Why Topology? Why Now?

Source: Lightning Talk: Mind the Topology - Roman Baron, NVIDIA

Modern AI workloads, especially distributed training and high-performance inference, are extremely sensitive to hardware topology. When GPUs, NICs, CPUs, and memory are not properly aligned within the same NUMA node, PCIe root, or network structure, performance can drop by 30–50% or more.
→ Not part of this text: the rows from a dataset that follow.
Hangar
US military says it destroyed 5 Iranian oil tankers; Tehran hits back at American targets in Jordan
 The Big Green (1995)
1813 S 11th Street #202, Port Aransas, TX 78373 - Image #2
Background: Current Topology Scheduling Support

Device Plugin: Traditional Approach

Kubernetes Device Plugin has long been the standard mechanism for managing GPU and other hardware resources. Its API provides:

Device Management with Device Plugin

Source: KubeCon NA 2025: Device Management

Core components:

  • GetDevicePluginOptions: Plugin configuration
  • ListAndWatch: Reports available devices to kubelet
  • GetPreferredAllocation: Suggests optimal device allocation (topology hints)
  • Allocate: Allocates devices for containers
  • PreStartContainer: Pre-start hook for containers

Device Plugin supports:

  • Basic GPU counts (e.g., nvidia.com/gpu: 8)
  • MIG (Multi-Instance GPU) partitioning
  • Time-slicing for GPU overcommit

Limitations of Device Plugin

However, Device Plugin has notable limitations for topology-aware scheduling:

Device Plugin Limitations

Source: KubeCon NA 2025: Device Management

  1. Static isolation configuration: MIG setup must be predefined
  2. Static time-slicing: Slice ratios fixed at deployment
  3. Uniform sharing only: Limited granularity
  4. Secondary schedulers required: Complex topologies need Volcano or Kueue

Kueue: Topology-Aware Scheduling

Kueue provides topology-aware scheduling using node labels. It uses hierarchical topology levels:

# Node labels for rack/block topology
cloud.google.com/gce-topology-block: "block-1"
cloud.google.com/gce-topology-subblock: "subblock-1"
cloud.google.com/gce-topology-host: "host-1"
kubernetes.io/hostname: "node-1"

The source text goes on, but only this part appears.